WHAT THIS TASK INVOLVES>
Copy the entries that follow, exactly and completely.

[Caption-style text data]
"""

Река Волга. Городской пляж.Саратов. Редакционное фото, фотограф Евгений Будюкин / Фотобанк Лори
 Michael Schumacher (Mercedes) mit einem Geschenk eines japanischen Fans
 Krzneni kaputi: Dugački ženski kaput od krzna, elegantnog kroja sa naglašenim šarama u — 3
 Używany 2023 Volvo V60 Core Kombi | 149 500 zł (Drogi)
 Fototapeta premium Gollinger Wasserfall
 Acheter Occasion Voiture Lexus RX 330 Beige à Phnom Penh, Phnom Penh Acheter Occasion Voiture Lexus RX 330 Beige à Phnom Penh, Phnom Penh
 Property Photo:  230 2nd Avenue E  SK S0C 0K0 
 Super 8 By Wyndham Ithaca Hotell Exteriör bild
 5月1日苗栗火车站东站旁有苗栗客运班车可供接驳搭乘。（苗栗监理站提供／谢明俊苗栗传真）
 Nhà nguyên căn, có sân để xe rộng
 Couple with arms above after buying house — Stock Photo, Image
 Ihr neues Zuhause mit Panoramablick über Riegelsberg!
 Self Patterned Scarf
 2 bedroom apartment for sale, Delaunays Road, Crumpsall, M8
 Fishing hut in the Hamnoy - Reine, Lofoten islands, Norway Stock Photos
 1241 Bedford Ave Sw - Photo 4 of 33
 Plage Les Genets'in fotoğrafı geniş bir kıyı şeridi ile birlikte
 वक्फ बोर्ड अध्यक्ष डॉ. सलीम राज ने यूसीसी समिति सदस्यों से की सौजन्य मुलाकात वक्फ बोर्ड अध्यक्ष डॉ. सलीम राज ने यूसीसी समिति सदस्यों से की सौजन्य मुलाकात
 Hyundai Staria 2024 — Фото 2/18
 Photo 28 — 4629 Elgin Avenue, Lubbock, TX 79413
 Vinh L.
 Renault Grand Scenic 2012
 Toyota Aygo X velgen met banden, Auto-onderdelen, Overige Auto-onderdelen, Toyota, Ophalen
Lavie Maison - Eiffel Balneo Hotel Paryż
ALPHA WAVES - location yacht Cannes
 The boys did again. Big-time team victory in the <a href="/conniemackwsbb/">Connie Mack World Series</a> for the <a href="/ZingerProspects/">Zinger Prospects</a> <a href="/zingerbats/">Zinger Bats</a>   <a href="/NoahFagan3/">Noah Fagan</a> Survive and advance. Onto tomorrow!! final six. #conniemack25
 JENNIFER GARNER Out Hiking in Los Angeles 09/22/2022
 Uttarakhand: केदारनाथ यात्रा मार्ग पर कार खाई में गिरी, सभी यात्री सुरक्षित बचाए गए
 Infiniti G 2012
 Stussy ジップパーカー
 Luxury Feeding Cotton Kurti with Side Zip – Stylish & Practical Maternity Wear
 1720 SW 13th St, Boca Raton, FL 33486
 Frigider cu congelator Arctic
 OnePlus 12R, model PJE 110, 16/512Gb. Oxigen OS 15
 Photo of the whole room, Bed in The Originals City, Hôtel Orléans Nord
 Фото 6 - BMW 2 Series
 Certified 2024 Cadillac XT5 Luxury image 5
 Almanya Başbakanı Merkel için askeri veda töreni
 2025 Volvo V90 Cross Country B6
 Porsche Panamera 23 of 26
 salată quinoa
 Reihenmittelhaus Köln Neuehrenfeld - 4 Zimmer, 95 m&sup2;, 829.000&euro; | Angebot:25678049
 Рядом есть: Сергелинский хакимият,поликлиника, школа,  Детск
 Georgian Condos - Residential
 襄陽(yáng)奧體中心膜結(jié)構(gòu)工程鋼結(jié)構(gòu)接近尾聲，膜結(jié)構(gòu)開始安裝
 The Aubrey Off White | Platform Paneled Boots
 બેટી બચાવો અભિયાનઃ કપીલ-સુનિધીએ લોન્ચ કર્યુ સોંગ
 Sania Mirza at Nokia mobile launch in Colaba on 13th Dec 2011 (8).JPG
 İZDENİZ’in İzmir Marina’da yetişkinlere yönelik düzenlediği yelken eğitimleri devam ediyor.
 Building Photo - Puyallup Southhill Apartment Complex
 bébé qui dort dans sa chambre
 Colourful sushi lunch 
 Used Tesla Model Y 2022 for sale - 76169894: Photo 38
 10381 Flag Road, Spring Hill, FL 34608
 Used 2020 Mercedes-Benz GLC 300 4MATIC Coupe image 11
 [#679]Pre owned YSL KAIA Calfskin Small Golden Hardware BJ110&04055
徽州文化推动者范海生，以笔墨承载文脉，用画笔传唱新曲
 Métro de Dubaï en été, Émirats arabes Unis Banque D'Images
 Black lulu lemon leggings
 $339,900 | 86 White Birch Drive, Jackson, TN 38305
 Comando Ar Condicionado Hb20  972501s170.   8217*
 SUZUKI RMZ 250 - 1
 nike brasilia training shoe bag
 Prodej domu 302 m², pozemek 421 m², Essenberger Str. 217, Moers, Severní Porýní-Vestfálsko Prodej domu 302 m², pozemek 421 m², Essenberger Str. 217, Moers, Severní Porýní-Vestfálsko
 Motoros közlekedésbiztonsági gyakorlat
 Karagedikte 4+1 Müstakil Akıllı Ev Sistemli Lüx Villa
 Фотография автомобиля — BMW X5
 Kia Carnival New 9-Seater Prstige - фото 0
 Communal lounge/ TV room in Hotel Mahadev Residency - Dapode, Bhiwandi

"""

REPLY>
Река Волга. Городской пляж.Саратов. Редакционное фото, фотограф Евгений Будюкин / Фотобанк Лори
 Michael Schumacher (Mercedes) mit einem Geschenk eines japanischen Fans
 Krzneni kaputi: Dugački ženski kaput od krzna, elegantnog kroja sa naglašenim šarama u — 3
 Używany 2023 Volvo V60 Core Kombi | 149 500 zł (Drogi)
 Fototapeta premium Gollinger Wasserfall
 Acheter Occasion Voiture Lexus RX 330 Beige à Phnom Penh, Phnom Penh Acheter Occasion Voiture Lexus RX 330 Beige à Phnom Penh, Phnom Penh
 Property Photo:  230 2nd Avenue E  SK S0C 0K0 
 Super 8 By Wyndham Ithaca Hotell Exteriör bild
 5月1日苗栗火车站东站旁有苗栗客运班车可供接驳搭乘。（苗栗监理站提供／谢明俊苗栗传真）
 Nhà nguyên căn, có sân để xe rộng
 Couple with arms above after buying house — Stock Photo, Image
 Ihr neues Zuhause mit Panoramablick über Riegelsberg!
 Self Patterned Scarf
 2 bedroom apartment for sale, Delaunays Road, Crumpsall, M8
 Fishing hut in the Hamnoy - Reine, Lofoten islands, Norway Stock Photos
 1241 Bedford Ave Sw - Photo 4 of 33
 Plage Les Genets'in fotoğrafı geniş bir kıyı şeridi ile birlikte
 वक्फ बोर्ड अध्यक्ष डॉ. सलीम राज ने यूसीसी समिति सदस्यों से की सौजन्य मुलाकात वक्फ बोर्ड अध्यक्ष डॉ. सलीम राज ने यूसीसी समिति सदस्यों से की सौजन्य मुलाकात
 Hyundai Staria 2024 — Фото 2/18
 Photo 28 — 4629 Elgin Avenue, Lubbock, TX 79413
 Vinh L.
 Renault Grand Scenic 2012
 Toyota Aygo X velgen met banden, Auto-onderdelen, Overige Auto-onderdelen, Toyota, Ophalen
Lavie Maison - Eiffel Balneo Hotel Paryż
ALPHA WAVES - location yacht Cannes
 The boys did again. Big-time team victory in the <a href="/conniemackwsbb/">Connie Mack World Series</a> for the <a href="/ZingerProspects/">Zinger Prospects</a> <a href="/zingerbats/">Zinger Bats</a>   <a href="/NoahFagan3/">Noah Fagan</a> Survive and advance. Onto tomorrow!! final six. #conniemack25
 JENNIFER GARNER Out Hiking in Los Angeles 09/22/2022
 Uttarakhand: केदारनाथ यात्रा मार्ग पर कार खाई में गिरी, सभी यात्री सुरक्षित बचाए गए
 Infiniti G 2012
 Stussy ジップパーカー
 Luxury Feeding Cotton Kurti with Side Zip – Stylish & Practical Maternity Wear
 1720 SW 13th St, Boca Raton, FL 33486
 Frigider cu congelator Arctic
 OnePlus 12R, model PJE 110, 16/512Gb. Oxigen OS 15
 Photo of the whole room, Bed in The Originals City, Hôtel Orléans Nord
 Фото 6 - BMW 2 Series
 Certified 2024 Cadillac XT5 Luxury image 5
 Almanya Başbakanı Merkel için askeri veda töreni
 2025 Volvo V90 Cross Country B6
 Porsche Panamera 23 of 26
 salată quinoa
 Reihenmittelhaus Köln Neuehrenfeld - 4 Zimmer, 95 m&sup2;, 829.000&euro; | Angebot:25678049
 Рядом есть: Сергелинский хакимият,поликлиника, школа,  Детск
 Georgian Condos - Residential
 襄陽(yáng)奧體中心膜結(jié)構(gòu)工程鋼結(jié)構(gòu)接近尾聲，膜結(jié)構(gòu)開始安裝
 The Aubrey Off White | Platform Paneled Boots
 બેટી બચાવો અભિયાનઃ કપીલ-સુનિધીએ લોન્ચ કર્યુ સોંગ
 Sania Mirza at Nokia mobile launch in Colaba on 13th Dec 2011 (8).JPG
 İZDENİZ’in İzmir Marina’da yetişkinlere yönelik düzenlediği yelken eğitimleri devam ediyor.
 Building Photo - Puyallup Southhill Apartment Complex
 bébé qui dort dans sa chambre
 Colourful sushi lunch 
 Used Tesla Model Y 2022 for sale - 76169894: Photo 38
 10381 Flag Road, Spring Hill, FL 34608
 Used 2020 Mercedes-Benz GLC 300 4MATIC Coupe image 11
 [#679]Pre owned YSL KAIA Calfskin Small Golden Hardware BJ110&04055
徽州文化推动者范海生，以笔墨承载文脉，用画笔传唱新曲
 Métro de Dubaï en été, Émirats arabes Unis Banque D'Images
 Black lulu lemon leggings
 $339,900 | 86 White Birch Drive, Jackson, TN 38305
 Comando Ar Condicionado Hb20  972501s170.   8217*
 SUZUKI RMZ 250 - 1
 nike brasilia training shoe bag
 Prodej domu 302 m², pozemek 421 m², Essenberger Str. 217, Moers, Severní Porýní-Vestfálsko Prodej domu 302 m², pozemek 421 m², Essenberger Str. 217, Moers, Severní Porýní-Vestfálsko
 Motoros közlekedésbiztonsági gyakorlat
 Karagedikte 4+1 Müstakil Akıllı Ev Sistemli Lüx Villa
 Фотография автомобиля — BMW X5
 Kia Carnival New 9-Seater Prstige - фото 0
 Communal lounge/ TV room in Hotel Mahadev Residency - Dapode, Bhiwandi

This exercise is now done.